Tal vez, el hombre tropieza tanto en la búsqueda de un sentido a su vida, por no orientar su vida a ser esa clase de hombre que busca al Señor antes que a su propio sentido. Las respuestas entonces no se encontrarán afuera, ni nadie nos las podrá brindar. La respuesta es, como su nombre lo dice, nuestra responsabilidad, pero también es nuestra elección libre para convertirla en un testimonio viviente.
La respuesta será única e irrepetible, tan única e irrepetible como la identidad de cada uno de los Santos que ya están en el cielo y que nos han dejado como legado su propio camino, no para que lo repliquemos, sino para que vivamos el nuestro con la esperanza de lograrlo también, quitando las barreras en nuestra mente y corazón, convencidos de que lo único que necesitamos es -como los Santos lo hicieron- la valentía de seguir a Dios, a pesar de nosotros mismos.
Por su parte, la muerte nos trae también recordatorios contrastantes, agridulces, pero llenos de vida y esperanza. Vida para ser instrumentos de la voluntad de Dios y esperanza de que Él no nos abandonará jamás si luchamos por cumplirla.
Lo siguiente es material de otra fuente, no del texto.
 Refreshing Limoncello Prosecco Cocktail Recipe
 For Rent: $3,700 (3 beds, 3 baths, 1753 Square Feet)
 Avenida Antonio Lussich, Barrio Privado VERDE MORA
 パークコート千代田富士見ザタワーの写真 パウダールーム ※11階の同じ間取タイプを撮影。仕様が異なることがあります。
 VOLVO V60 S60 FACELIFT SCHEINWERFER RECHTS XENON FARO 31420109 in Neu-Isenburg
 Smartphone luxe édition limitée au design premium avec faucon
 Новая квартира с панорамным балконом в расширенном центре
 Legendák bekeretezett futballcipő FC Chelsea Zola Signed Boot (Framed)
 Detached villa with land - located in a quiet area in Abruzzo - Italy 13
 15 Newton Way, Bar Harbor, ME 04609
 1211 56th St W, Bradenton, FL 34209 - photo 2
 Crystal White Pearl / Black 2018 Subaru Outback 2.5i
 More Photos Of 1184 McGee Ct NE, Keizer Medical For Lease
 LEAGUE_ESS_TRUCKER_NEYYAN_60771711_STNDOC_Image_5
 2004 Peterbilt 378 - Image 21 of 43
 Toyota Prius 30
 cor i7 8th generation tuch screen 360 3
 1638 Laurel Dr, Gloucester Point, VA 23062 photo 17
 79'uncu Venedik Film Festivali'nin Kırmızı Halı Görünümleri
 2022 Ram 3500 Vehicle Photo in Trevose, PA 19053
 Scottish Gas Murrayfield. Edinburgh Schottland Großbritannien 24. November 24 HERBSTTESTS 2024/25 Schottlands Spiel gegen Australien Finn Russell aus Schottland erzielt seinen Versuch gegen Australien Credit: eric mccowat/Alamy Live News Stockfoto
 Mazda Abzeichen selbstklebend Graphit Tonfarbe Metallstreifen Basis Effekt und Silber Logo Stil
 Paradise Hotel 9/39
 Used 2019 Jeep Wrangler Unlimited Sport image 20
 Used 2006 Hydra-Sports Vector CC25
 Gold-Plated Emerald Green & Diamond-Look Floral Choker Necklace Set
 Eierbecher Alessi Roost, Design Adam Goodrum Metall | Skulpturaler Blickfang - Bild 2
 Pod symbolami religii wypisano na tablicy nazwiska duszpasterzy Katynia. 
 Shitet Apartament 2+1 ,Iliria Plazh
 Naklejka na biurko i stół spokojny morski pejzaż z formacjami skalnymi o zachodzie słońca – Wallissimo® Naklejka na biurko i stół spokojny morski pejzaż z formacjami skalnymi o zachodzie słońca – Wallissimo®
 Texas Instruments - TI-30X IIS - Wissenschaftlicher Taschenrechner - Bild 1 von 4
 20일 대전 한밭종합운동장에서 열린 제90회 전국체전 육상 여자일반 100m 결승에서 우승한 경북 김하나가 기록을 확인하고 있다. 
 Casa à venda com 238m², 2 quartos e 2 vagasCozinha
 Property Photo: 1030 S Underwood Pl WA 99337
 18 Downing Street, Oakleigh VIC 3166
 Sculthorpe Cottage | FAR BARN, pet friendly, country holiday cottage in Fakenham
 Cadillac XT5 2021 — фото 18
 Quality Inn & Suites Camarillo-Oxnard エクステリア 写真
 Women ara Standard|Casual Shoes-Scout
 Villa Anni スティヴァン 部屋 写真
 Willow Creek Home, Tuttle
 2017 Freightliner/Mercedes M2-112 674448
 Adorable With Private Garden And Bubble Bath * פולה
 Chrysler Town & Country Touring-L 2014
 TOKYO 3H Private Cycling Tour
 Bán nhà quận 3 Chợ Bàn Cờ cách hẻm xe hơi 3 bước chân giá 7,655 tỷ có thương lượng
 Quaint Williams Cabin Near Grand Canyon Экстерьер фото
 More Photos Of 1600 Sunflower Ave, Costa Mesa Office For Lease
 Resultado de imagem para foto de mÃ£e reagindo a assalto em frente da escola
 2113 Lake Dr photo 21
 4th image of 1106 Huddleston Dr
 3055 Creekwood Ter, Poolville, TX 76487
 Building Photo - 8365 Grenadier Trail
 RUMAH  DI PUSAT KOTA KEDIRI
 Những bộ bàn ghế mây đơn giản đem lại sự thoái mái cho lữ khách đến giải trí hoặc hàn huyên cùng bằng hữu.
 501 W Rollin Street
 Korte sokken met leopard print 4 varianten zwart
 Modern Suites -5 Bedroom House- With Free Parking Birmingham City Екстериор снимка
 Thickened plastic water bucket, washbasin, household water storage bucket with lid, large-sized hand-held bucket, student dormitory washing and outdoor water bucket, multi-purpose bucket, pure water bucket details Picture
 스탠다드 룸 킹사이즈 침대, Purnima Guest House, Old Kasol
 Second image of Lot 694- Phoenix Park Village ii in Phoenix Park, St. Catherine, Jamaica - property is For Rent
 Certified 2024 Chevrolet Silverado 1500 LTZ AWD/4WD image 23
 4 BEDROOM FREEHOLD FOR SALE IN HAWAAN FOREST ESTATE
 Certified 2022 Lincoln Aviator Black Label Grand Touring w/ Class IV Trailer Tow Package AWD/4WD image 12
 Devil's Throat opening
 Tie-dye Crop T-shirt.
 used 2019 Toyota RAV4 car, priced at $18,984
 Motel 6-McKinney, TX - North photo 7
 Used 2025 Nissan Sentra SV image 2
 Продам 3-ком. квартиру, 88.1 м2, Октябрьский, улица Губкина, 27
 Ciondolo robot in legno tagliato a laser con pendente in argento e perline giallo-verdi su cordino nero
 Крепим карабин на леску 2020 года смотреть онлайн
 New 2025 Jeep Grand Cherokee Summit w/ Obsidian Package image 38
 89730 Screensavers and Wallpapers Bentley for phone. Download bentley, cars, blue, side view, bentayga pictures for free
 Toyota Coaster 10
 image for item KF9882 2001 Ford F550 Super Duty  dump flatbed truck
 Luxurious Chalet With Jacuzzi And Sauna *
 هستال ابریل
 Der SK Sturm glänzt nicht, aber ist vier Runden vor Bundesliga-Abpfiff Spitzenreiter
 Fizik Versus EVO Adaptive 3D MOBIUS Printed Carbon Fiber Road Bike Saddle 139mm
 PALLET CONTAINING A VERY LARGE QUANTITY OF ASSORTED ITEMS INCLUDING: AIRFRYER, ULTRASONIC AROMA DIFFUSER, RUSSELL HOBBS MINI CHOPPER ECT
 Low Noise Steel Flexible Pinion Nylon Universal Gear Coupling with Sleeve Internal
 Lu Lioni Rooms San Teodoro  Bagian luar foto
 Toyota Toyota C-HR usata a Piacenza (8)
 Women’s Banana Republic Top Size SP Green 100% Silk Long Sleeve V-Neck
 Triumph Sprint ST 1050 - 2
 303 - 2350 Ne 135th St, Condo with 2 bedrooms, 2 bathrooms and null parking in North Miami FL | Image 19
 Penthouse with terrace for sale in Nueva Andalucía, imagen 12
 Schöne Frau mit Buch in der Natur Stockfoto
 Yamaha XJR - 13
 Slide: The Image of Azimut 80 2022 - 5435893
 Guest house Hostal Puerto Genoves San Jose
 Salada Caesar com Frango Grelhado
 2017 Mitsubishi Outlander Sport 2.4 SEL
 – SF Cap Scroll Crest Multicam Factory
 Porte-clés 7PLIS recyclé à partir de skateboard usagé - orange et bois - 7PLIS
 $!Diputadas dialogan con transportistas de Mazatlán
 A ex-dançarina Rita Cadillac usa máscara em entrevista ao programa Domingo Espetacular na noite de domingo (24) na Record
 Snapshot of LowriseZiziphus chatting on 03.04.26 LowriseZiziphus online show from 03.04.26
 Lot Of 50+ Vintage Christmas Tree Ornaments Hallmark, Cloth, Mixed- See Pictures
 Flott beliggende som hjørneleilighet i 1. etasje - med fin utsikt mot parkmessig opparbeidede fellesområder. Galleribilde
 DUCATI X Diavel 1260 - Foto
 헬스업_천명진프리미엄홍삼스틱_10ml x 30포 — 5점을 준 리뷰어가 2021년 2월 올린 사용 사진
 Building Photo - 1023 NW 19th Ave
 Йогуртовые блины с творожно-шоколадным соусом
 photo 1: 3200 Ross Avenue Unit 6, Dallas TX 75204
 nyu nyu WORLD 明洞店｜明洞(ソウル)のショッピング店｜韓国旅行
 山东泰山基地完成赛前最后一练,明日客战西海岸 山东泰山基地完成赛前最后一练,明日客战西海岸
Estamos de paso, y todos, sin importar quiénes somos y lo mucho o poco que acumulamos en este mundo, tenemos un destino irremediable. La muerte nos impela a trabajar por nuestro legado, a vivir en la consciencia de que cada paso que damos es un bloque que lo construye y que si bien no sabremos cuándo se acabarán las piezas, podemos estar seguros de que cada una de ellas es de vital importancia, no tanto por el reconocimiento que obtendremos al final de nuestra obra, sino por lo mucho que los demás podrán reconocer a Dios a través de ésta.
Celebrar la muerte no quiere decir que ésta no duela hasta los huesos. Pero la muerte nos recuerda que dolor no es sinónimo de miedo. Suplamos el temor a la muerte por el temor a una vida en enemistad con Cristo. No desde la perspectiva de castigo y recompensa, sino desde la mirada del amor y el agradecimiento a quien murió para que nosotros pudiéramos vivir, así como del temor a ofenderlo y alejarnos de Él.
Corramos a vivir que Dios no sólo nos llama cuando morimos, Dios nos llama cuando estamos vivos. La muerte nos recuerda todo lo valioso que tenemos. La muerte de alguien a quien amamos nos hace pensar en lo afortunados que fuimos de compartir el tiempo y el espacio en este mundo con otras almas que nos llenan con su vida, y aunque nos sentimos vacíos con su muerte, ese vacío vuelve a llenarse con la esperanza de saber que estuvieron aquí y que, quizá, si Dios así lo dispone, ellos ya pueden contemplar el rostro de quien nos ama, nos perdona y nos espera al final.
El día y la hora llegarán, inevitablemente, como llega esa cita importante para la cual nos preparamos con entusiasmo, planeando cada detalle, trabajando duro para que todo salga como lo esperamos, así también nos pide Dios que vivamos, fijándonos en los detalles importantes, cumpliendo con lo que el encuentro con Él nos requiere. ¿Cómo quieres que te encuentre Dios cuando llegue tu momento?